Ini terutama disebabkan oleh hal-hal yang berasal dalam kepribadiannya sendiri, yang ditandai oleh lebih dari duapuluh tahun dikejar-kejar dan (hidup) dalam ilegalitas. Seperti dikatakam oleh orang-orang dekatnya, ia (Tan Malaka) tidak lagi cocok untuk hidup sebagai orang yang 'normal'.
Langgam-hidup keduanya telah menghalanginya untuk bertindak efektif. Jika ia dapat mengatasinya, maka, ia adalah seorang pembicara yang luarbiasa, yang membangkitkan kesetiaan dan kepercayaan besar di kalangan pengikutnya - perasaan-perasaan yang puluhan tahun sesudah ia mati, masih saja berlangsung terus sedikitpun tak berkurang.
* * *.
Masih cukup banyak hal-hal penting dan menarik yang mengimbau pembaca ke arah pemikiran yang lebih luas dan mendalam mengenai peristiwa dan masalah sejarah bangsa kita. Baik itu yang berkenaan dengan biografi dan kegiatan Tan Malaka, begitupun mengenai peristiwa dan fakta-fakta mengenai Gerakan Kiri dan Revolusi Kemerdekaan Indonesia. Juga membuka fikiran bagi siapapun yang ingin meninjau kembali, menstudi kembali pemikiran ataupun penyimpulannya mengenai Tan Malaka, peranannya dalam perjuangan kemerdekaan dan mengenai Gerakan Kiri di Indonesia. Tidak meleset kiranya pilihan yang diambil Poeze untuk bukunya itu. Bukankah di satu fihak ia membuka wawasan yang lebih luas lagi mengenai peristiwa dan fakta sekitar peranan Tan Malaka, Gerakan Kiri dalam revolusi kemerdekaan Indonesia.
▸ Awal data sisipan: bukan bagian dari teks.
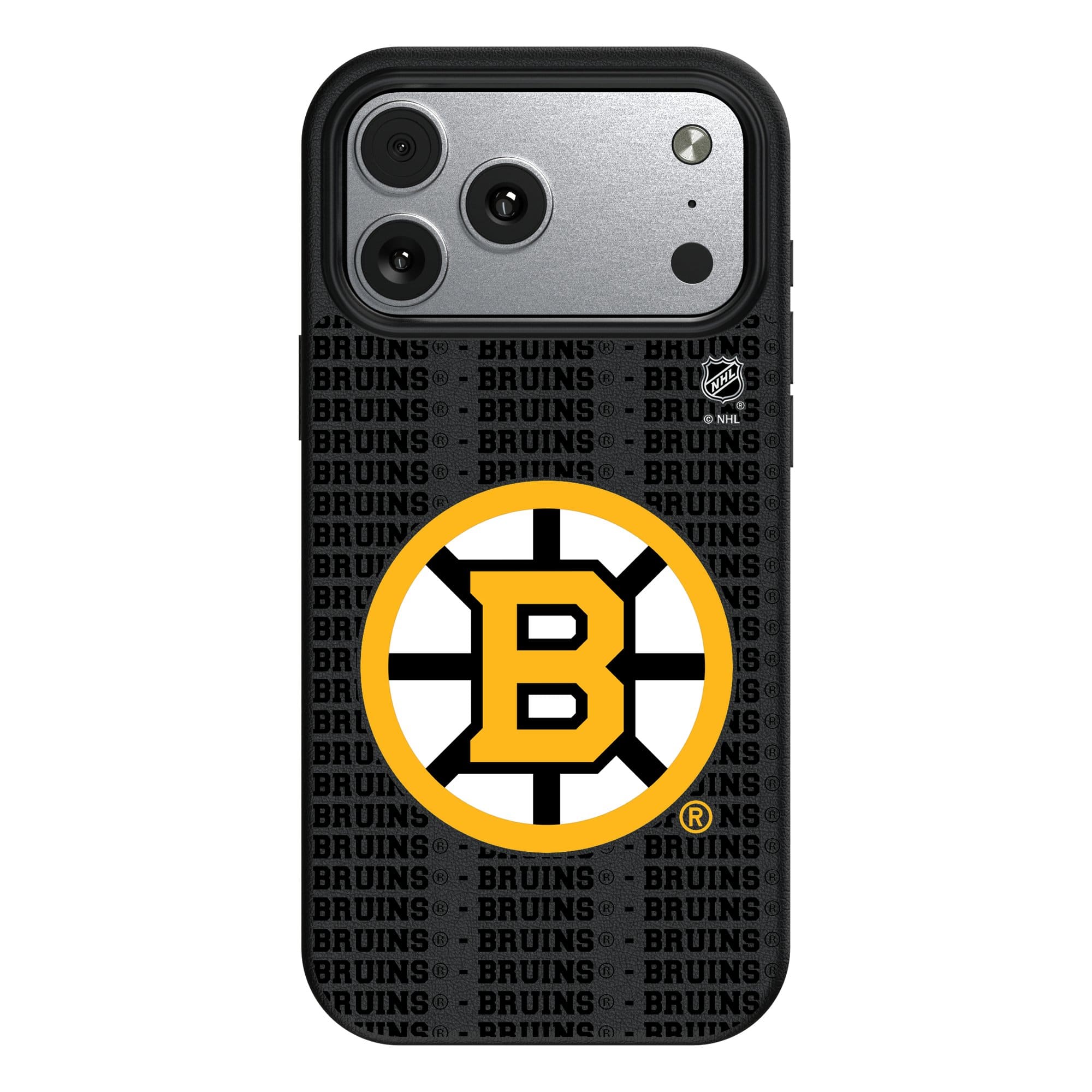 Keyscaper - NHL - Boston Bruins - Primary Logo iPhone Magnetic Bump Case - 17 Air - Black price history on PriceWatchPro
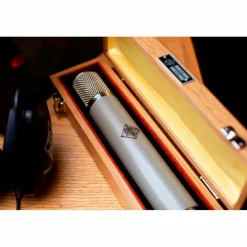 TELEFUNKEN C12 Tube Condenser Microphone With CK12 Capsule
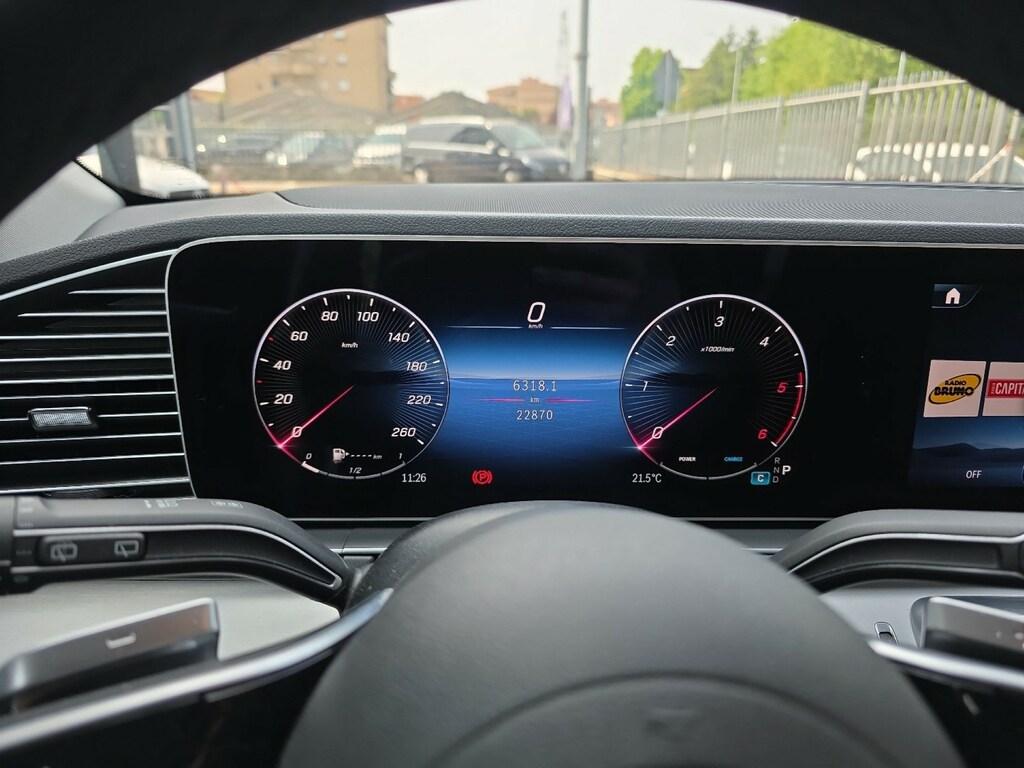 Mercedes GLE 300 d Advanced 4matic auto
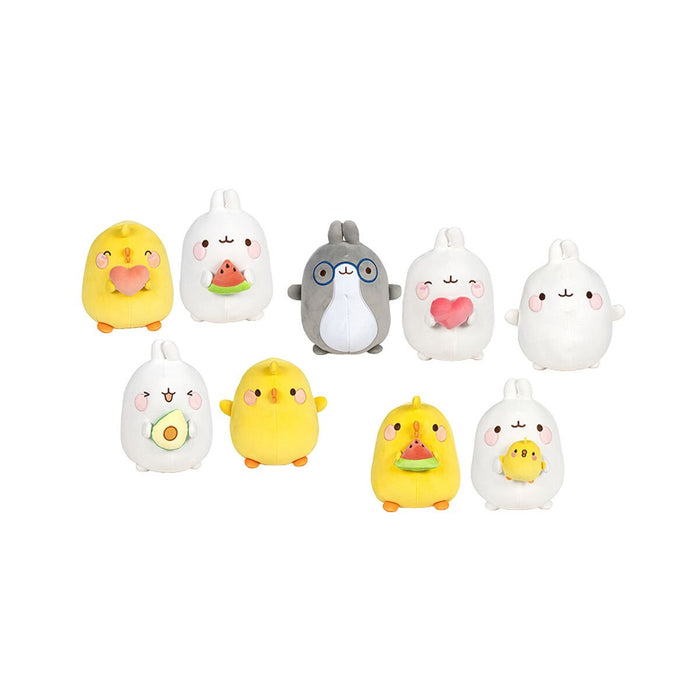 760024981 MOLANG Peluş 23 cm - Toyz Show - 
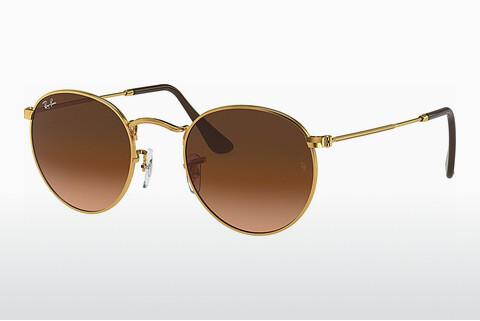 Saulesbrilles Ray-Ban ROUND METAL (RB3447 9001A5)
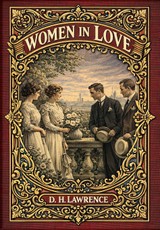 Women in Love (Golden Monarch Collector's Edition) (Case Laminate Hardcover with Jacket)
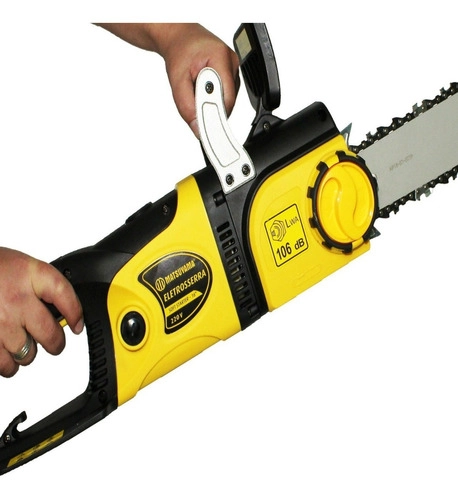 Motosserra Elétrica 2400W NG2400 Matsuyama 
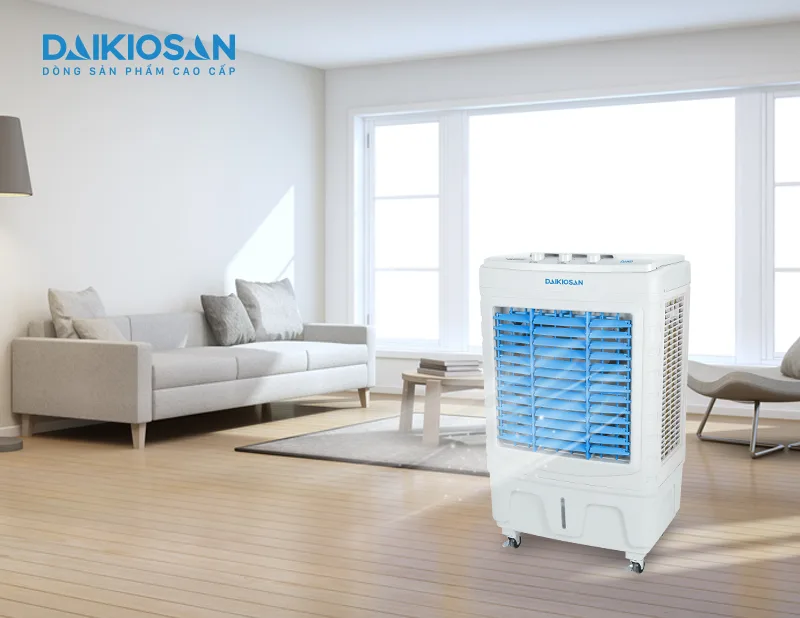 9 lý do bạn nên chọn quạt điều hòa thay cho máy lạnh 4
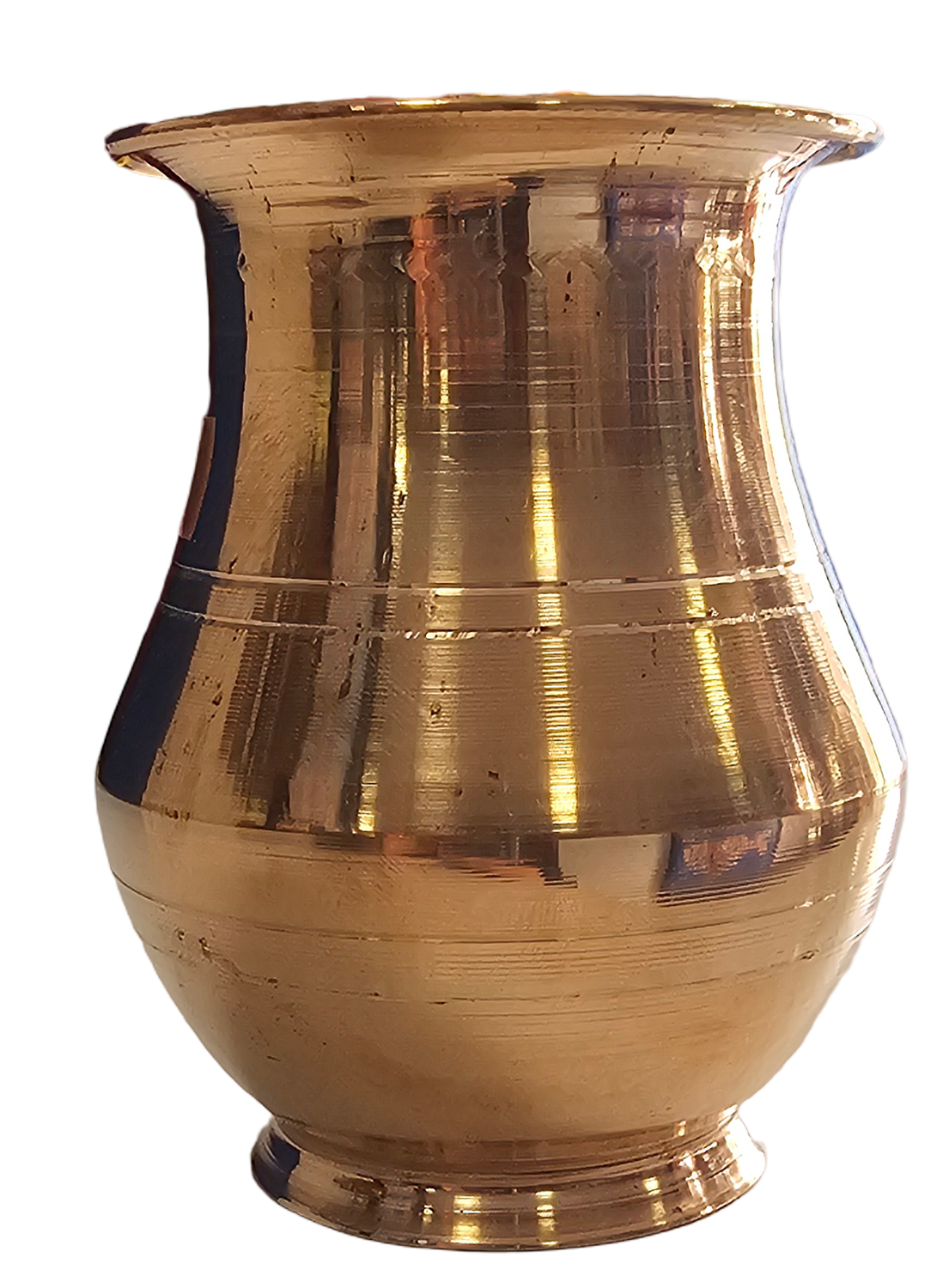 Tama Kalash with stand 3.5 Inch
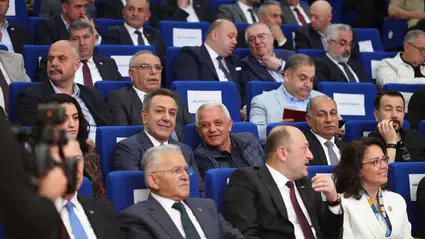 Muhsin Dere’ye Yeni Görev
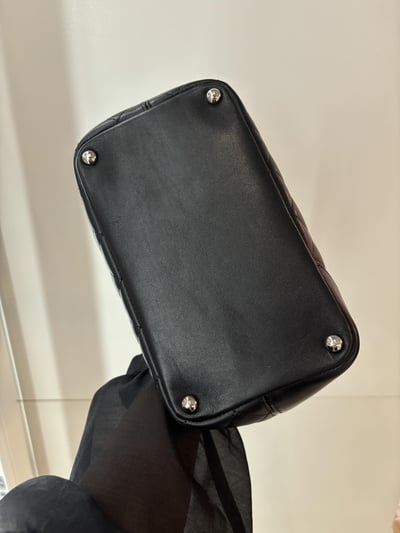 Chanel康鵬菜籃子12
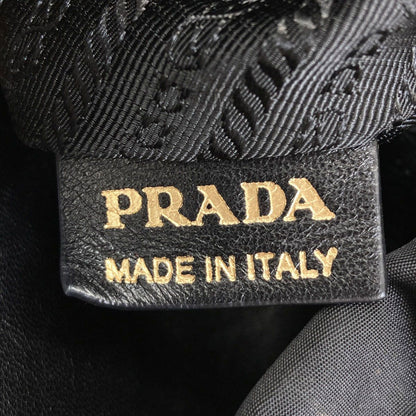 Prada Logo Tote Nylon — view 7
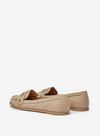 Dorothy Perkins Taupe Laur Loafers thumbnail 5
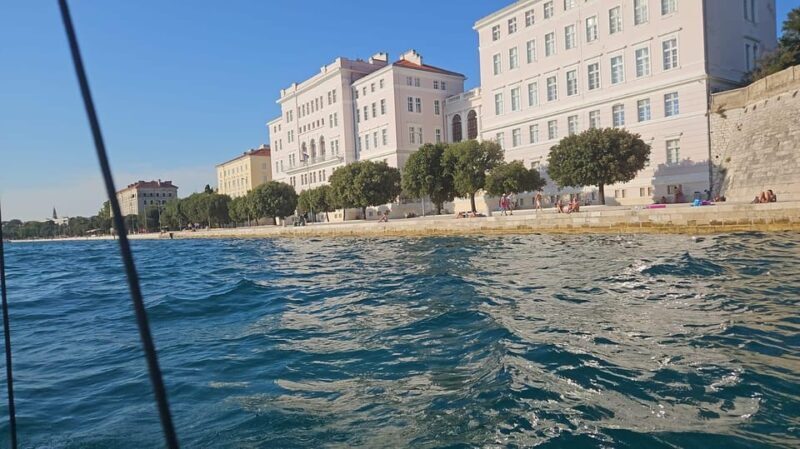 Zadar highlights - Zadar discovery Short tour - Authentic Experiences and Authenticity Counts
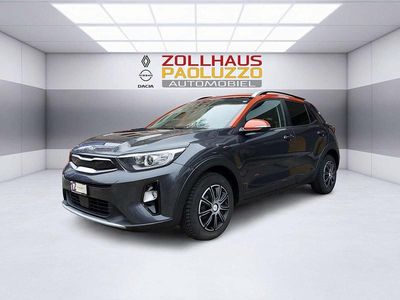 Gebraucht Kia Stonic 120 PS (88 kW) 2019 SUV
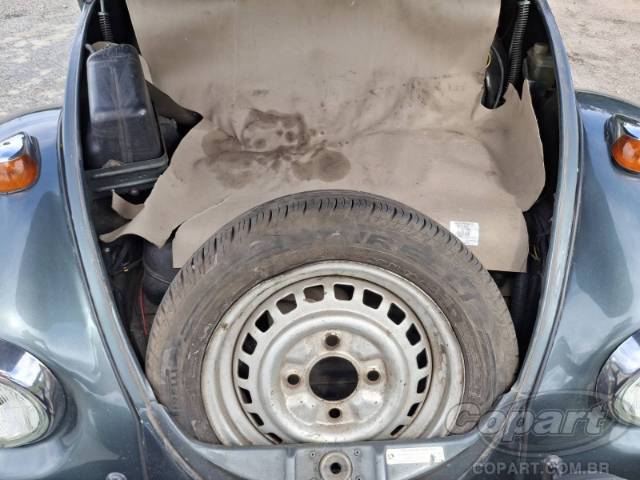 1982 VOLKSWAGEN FUSCA 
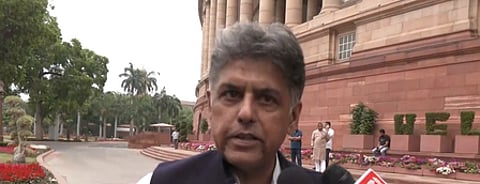 Not financial sacrifice by govt, but return of taxpayers’ money: Opposition calls excise duty cut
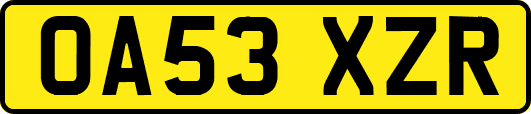 OA53XZR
Dewasa ini generasi muda kita, para pemerhati, penggelut, penstudi dan peduli sejarah bangsa tanpak mulai pulih dari kedunguan dan ke-masabodoh-an mental sebagai akibat dari kebidjaksanaan otoriter Orba di bidang ilmu dan pengetahuan sejarah. Bagi Orba fakta dan kebenaran sejarah sudah diplintir sedemikian rupa, kemudian dijejalkan sebagai kebenaran satu-satunya. Oleh karena itu, buku sejarah seperti yang ditulis oleh Poeze, merupakan dorongan positsif ke arah pencerahan, berani berfikir dengan bebas, obyektif dan adil terhadap jutaan fakta-fakta yang diketahui dan masih belum terungkap mengenai sejarah bangsa ini.